Sunday, March 31, 2013

Foreclosures Guest Writer Sarah Parr!


Three Notable Foreclosure Proposals
By Sarah Parr
Consumer advocates, real estate professionals and lawmakers are currently debating ways to change Florida’s status as the state with the most foreclosures in the nation. Florida lawmakers recently drafted a handful of legislation that is currently making its round in the Florida House and Senate, creating debate among people from all sides of the issue. The proposed laws could noticeably change the way foreclosures are administered in Florida.
Measures to speed up foreclosure process
A representative from the Florida House of Representatives proposed House Bill 87 as a solution to Florida’s prolonged judicial-foreclosure process. Supporters of the bill say it sticks up for consumers by requiring banks and lenders to prove they own a mortgage in detail before they can file any kind of foreclosure action. Homeowners are given up to 20 days to provide a defense against foreclosure, which some Kissimmee foreclosure attorneys say isn’t enough time. 
Under House Bill 87, banks and lenders would only be given one year instead of five years to collect losses from a foreclosure after a final foreclosure judgment is decided. The bill would also allow other lien holders, such as condo or homeowner associations, to ask the court to move foreclosures through an advanced process rather than through a judicial procedure. 

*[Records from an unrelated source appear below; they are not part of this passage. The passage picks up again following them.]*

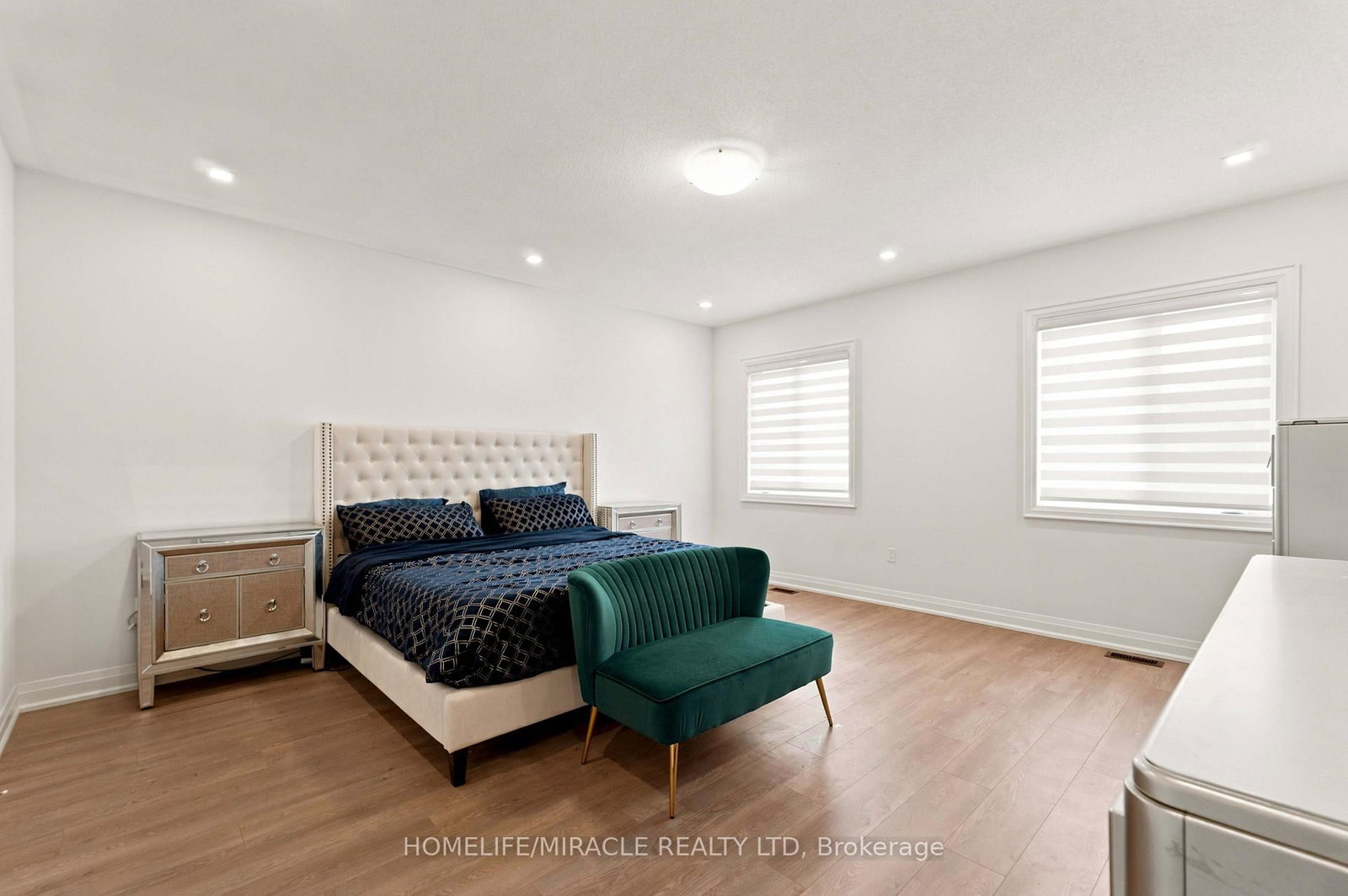 19 Kenesky Drive • Hamilton, ON photo 27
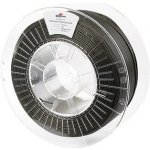 Spectrum PLA Glitter, 1,75mm, 1000g, 80165, aurora gold – Zboží Živě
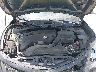 1N4AL3AP8DC****** Repairable 2013 Nissan Altima in Dallas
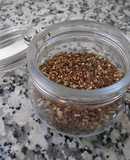 Za´atar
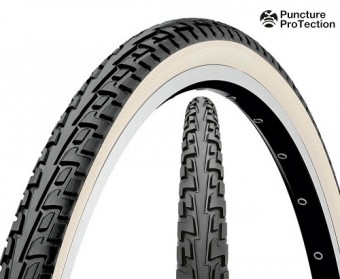 TourRide ProTection 700-37C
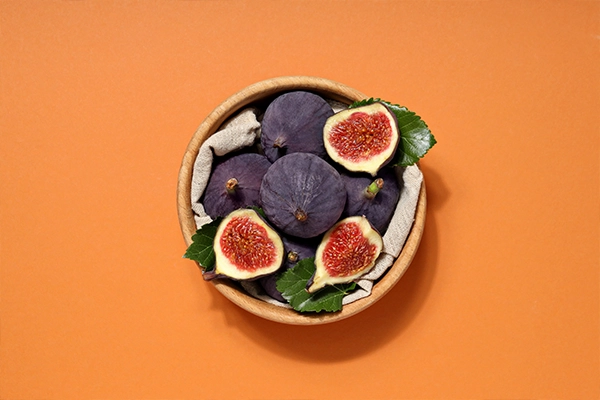 benefits of fig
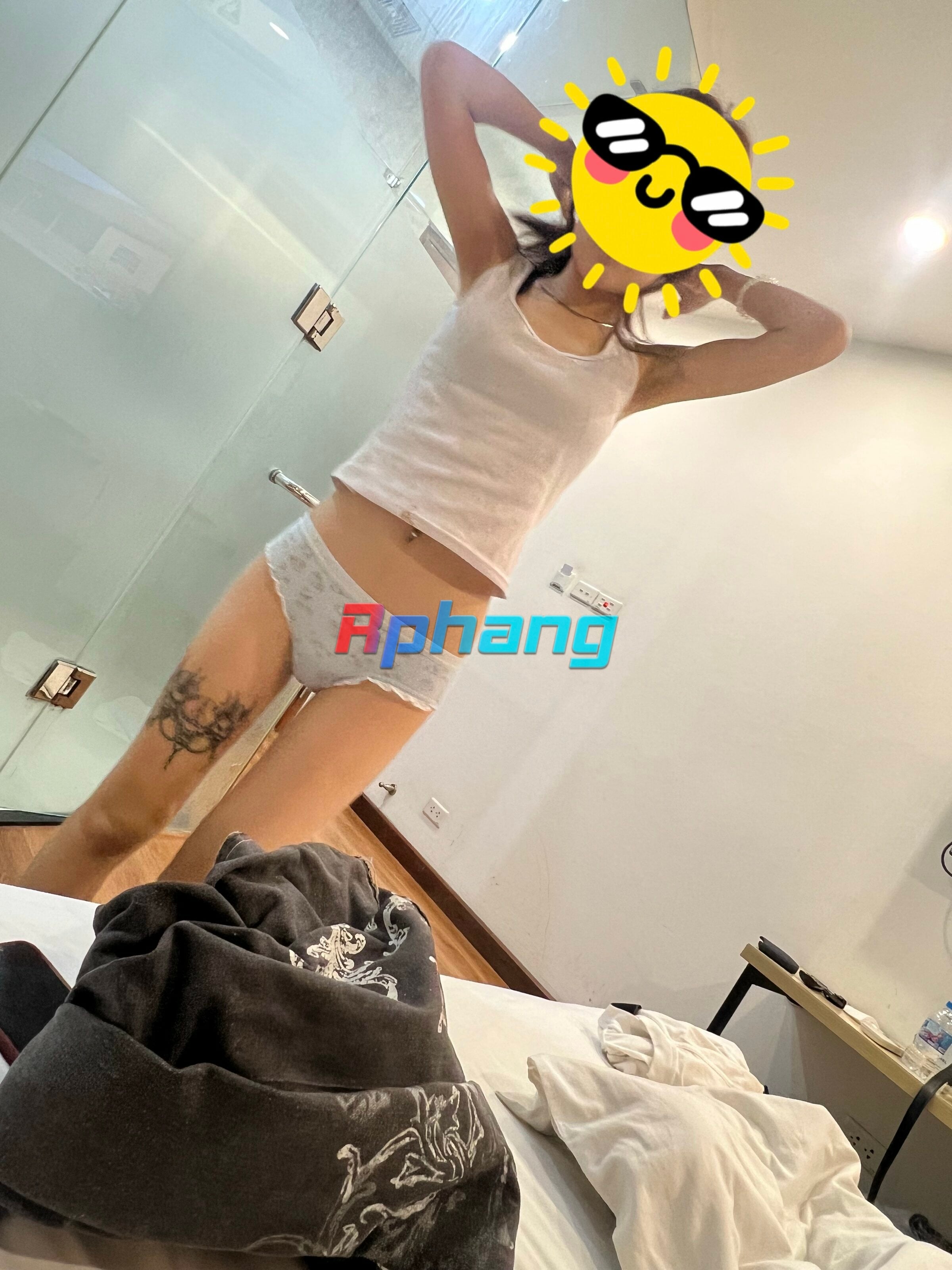 IMG_1001.jpeg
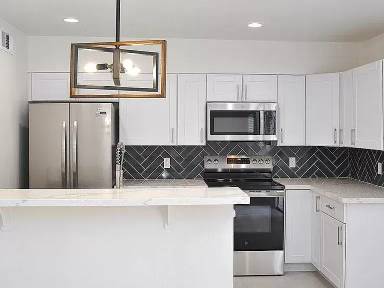 Main picture of 6533 E Calle La Paz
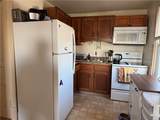 1007 Liberty Avenue - Photo 37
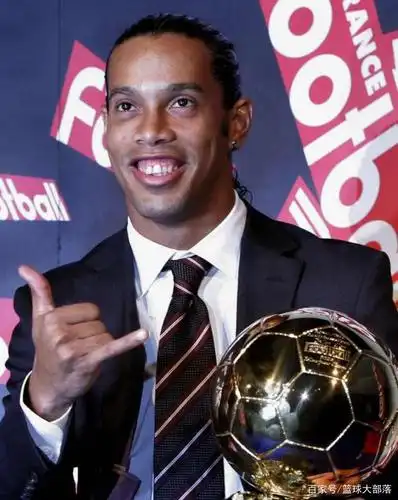 但杜兰特的 但杜兰特的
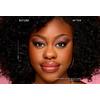 NYX Professional Makeup Wonder Snatch Powder - 07 Cinnamon Catch - 6 g.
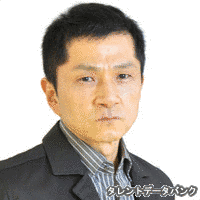 谷昌樹の画像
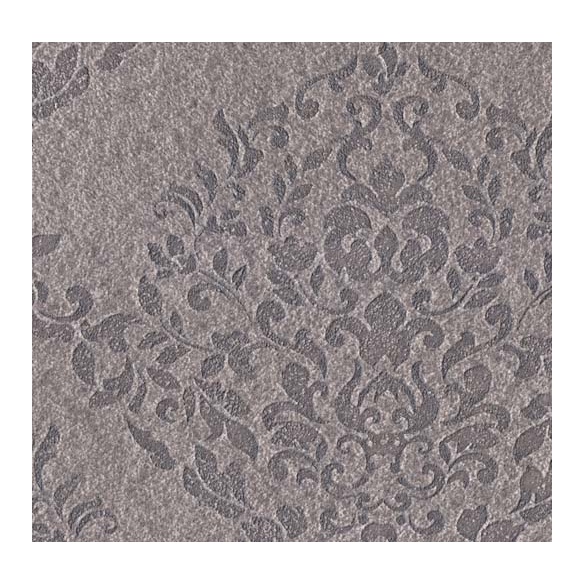 tapetti Baroque Versailles, leveys 90 cm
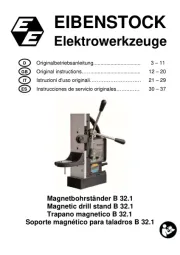 Eibenstock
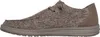 SKECHERS RELAXED FIT: MELSON Brown Produktbild-Vorschau 11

Senate Bill 1666 would allow retired justices or judges to agree to temporary duty in order to help decrease the court backlog of foreclosure cases in Florida. Compared with the nationwide average of 13 months, foreclosures in Florida take 29 months to process on average, creating a backlog of cases. Court administrator Lisa Goodner stated Florida has a backlog of more than 360,000 cases in the courts as of the end of January. 
Homeowner bill of rights
Another bill aims to give consumers more power. House Bill 1777 proposes establishing a homeowner bill of rights in the event of late mortgage payments, modeled after a few laws created and passed by California’s legislature. The goal of California’s laws is to protect homeowners from predatory lenders and further regulate mortgage servicers. Processes known as “dual-tracking” and “robo-signing” are prohibited, and consumers have better ability to sue for fraudulent practices. California has seen a significant decrease in the amount of foreclosure starts since enacting the bill of rights legislation this year.
Measures for more consumer protection
The “Short Sale Debt Relief Act,” would make deficiency judgments unenforceable on a short sale if the original debt was 20 percent or greater than reasonable market value. Deficiency judgments occur when courts rule in favor of lenders if they can show that borrowers owe more on a mortgage than on the total price of a property. Senate Bills 1226 and 371 would require that lenders only file deficiency judgments up to a year after final foreclosure judgments, and have two years to collect any outstanding debt. Currently, debt collectors can chase after borrowers for up to 20 years. 
The foreclosure process in Florida will likely see some changes soon. Regardless of what happens to the foreclosure process, many people want the foreclosure crisis to finally come to an end.